Mal looked away, unable to meet his brother’s eye. It was hard to keep secrets from someone when you shared a soul.

“You didn't need to do it. I had him disarmed and at swordspoint.”

“He could have been an assassin.”

“Him?” Mal shook his head over the sorry figure on the ground. “He’s naught but a common thief. Plenty of them on the roads into London; the only wonder is we haven’t been troubled by any before now.”

“Still, I had to be sure.”

“And was he?”

Sandy pulled a face. “No.”

“Don’t fret yourself. We were in London for weeks after we first got back from France; if someone was set on killing me, they’d have tried it before now.” He stepped over the man, picked up his dagger and returned it to its sheath. “No, whoever sent that assassin after me on Raleigh’s ship seems to have backed off. Probably doesn’t want to upset the prince.”

“The boy is barely four years old; I cannot think he leads our enemies yet.”

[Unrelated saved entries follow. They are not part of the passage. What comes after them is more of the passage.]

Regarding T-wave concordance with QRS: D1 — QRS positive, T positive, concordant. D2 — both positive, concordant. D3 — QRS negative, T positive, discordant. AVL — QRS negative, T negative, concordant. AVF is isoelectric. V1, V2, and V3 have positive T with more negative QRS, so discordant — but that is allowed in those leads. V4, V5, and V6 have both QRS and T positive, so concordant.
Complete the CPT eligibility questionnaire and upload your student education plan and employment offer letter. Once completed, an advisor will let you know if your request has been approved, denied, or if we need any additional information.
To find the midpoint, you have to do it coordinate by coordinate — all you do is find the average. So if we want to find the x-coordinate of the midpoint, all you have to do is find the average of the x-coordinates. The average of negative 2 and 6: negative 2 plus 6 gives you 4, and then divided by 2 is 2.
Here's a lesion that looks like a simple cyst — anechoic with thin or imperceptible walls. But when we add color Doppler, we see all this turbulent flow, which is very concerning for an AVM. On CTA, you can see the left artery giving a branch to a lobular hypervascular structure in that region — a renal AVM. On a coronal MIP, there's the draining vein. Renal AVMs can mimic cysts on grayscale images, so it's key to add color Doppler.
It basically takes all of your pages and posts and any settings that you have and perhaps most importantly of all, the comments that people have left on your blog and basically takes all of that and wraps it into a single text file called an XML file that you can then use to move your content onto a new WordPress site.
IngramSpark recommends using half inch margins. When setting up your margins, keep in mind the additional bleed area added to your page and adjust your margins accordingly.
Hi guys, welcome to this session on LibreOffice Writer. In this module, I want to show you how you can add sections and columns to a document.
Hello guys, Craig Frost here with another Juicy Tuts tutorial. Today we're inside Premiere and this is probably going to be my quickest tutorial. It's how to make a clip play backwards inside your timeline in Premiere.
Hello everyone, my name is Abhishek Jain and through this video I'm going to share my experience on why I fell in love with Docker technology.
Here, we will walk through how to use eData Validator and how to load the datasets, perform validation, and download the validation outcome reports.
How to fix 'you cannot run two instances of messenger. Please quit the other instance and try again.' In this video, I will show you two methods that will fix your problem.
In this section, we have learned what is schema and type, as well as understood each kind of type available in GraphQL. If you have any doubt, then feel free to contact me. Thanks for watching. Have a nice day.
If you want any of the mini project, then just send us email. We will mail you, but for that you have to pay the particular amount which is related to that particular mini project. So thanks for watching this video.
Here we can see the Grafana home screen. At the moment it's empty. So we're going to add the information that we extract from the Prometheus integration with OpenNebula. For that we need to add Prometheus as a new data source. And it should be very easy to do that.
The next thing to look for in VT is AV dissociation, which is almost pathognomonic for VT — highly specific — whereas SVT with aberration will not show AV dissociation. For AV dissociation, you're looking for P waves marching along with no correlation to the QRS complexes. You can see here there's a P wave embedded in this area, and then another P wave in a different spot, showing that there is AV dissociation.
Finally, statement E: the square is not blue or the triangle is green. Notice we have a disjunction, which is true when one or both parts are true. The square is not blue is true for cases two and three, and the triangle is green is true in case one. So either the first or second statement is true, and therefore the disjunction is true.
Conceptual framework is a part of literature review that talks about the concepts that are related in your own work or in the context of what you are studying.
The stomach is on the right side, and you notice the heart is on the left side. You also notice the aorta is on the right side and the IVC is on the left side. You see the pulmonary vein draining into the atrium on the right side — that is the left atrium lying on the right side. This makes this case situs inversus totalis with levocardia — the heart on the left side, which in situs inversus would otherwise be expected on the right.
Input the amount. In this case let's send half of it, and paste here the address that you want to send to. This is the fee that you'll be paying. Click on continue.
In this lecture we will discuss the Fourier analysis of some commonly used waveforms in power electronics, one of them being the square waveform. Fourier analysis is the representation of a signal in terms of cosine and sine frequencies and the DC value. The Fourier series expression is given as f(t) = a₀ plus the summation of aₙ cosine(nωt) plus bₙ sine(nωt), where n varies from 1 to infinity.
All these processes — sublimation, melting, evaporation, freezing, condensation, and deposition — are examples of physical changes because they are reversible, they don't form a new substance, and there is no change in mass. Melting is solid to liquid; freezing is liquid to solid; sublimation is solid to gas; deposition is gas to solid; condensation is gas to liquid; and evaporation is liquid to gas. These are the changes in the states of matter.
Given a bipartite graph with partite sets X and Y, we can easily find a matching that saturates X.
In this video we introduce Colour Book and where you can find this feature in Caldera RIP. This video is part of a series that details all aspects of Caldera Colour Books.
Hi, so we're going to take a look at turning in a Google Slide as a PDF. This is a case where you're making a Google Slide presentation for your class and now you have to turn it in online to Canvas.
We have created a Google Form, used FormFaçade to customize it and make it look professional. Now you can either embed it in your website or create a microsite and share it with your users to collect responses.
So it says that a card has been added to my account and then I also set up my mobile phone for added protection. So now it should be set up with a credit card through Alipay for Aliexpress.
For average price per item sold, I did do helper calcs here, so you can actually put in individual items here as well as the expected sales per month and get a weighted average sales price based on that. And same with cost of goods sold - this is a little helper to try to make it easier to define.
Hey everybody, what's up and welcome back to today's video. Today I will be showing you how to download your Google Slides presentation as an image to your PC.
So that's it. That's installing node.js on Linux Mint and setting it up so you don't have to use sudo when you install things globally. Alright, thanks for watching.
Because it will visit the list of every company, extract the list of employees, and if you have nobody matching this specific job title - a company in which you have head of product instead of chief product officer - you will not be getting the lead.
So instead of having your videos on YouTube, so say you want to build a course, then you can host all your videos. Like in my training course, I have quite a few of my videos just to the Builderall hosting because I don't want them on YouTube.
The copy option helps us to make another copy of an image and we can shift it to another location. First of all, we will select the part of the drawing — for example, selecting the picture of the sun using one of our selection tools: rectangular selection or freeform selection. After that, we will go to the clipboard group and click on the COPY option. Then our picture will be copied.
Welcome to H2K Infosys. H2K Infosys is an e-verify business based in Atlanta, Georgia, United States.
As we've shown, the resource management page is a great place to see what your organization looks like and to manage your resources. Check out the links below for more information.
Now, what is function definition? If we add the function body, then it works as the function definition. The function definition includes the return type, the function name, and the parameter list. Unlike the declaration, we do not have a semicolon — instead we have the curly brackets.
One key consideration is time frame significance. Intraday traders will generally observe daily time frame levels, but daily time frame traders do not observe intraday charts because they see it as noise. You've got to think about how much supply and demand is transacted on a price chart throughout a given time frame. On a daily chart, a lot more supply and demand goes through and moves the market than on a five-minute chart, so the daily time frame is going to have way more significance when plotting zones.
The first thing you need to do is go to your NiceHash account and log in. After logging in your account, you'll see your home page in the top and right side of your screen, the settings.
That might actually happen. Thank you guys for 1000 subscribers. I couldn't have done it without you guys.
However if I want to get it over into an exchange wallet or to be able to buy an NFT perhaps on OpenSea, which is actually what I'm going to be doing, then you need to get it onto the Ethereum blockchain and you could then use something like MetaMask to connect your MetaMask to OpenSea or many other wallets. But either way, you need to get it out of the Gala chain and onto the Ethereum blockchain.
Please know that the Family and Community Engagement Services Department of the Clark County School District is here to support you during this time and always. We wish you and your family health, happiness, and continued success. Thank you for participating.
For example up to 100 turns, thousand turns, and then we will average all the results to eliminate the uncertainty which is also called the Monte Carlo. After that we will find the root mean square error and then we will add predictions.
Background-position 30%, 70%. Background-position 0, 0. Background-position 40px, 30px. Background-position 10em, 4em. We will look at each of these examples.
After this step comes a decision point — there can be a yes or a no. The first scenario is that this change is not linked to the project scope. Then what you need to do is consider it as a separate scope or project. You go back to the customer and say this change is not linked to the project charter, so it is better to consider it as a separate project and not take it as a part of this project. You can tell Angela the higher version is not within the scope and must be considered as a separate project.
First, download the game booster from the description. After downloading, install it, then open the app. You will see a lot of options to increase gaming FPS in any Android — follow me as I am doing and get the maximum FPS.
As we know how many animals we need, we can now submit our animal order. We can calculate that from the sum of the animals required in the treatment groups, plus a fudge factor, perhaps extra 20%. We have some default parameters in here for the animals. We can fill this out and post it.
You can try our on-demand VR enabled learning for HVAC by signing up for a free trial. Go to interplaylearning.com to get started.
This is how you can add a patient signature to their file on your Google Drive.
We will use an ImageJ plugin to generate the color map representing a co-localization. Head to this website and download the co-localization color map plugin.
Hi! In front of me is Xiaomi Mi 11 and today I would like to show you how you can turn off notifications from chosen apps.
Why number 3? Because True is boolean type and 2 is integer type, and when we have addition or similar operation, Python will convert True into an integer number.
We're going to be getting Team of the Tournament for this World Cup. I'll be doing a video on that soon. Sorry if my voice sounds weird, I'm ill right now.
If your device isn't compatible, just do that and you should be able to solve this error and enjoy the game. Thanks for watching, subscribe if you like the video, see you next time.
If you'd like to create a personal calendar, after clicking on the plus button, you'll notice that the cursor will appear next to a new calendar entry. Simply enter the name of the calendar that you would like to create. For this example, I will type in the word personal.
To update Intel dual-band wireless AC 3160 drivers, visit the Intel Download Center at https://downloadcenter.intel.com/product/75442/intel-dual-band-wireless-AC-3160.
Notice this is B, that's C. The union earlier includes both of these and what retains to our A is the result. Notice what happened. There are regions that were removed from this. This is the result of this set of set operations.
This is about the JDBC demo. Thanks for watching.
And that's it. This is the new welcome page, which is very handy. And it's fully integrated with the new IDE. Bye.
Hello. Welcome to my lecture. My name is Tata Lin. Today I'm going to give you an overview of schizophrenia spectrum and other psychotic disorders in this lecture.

“Not Henry; his father, Robert.” Mal looked around for the horses. “It’s a good hour’s ride to Southwark. If we want to talk to the skraylings before Youssef’s ship docks, we’d best hurry.”



The suburb of Southwark had grown outwards in all directions except one. On its eastern edge the boundary was still the stream just past Morgan’s Lane, crossed by a wooden bridge. The common land beyond lay as empty as ever, apart from a few grazing cattle and of course the skrayling encampment. Evidently no one was so desperate for land that they wanted to build within a stone’s throw of the aliens.

“Remember,” Mal said as they drew near the gates, “we offer help first, ask favours after.”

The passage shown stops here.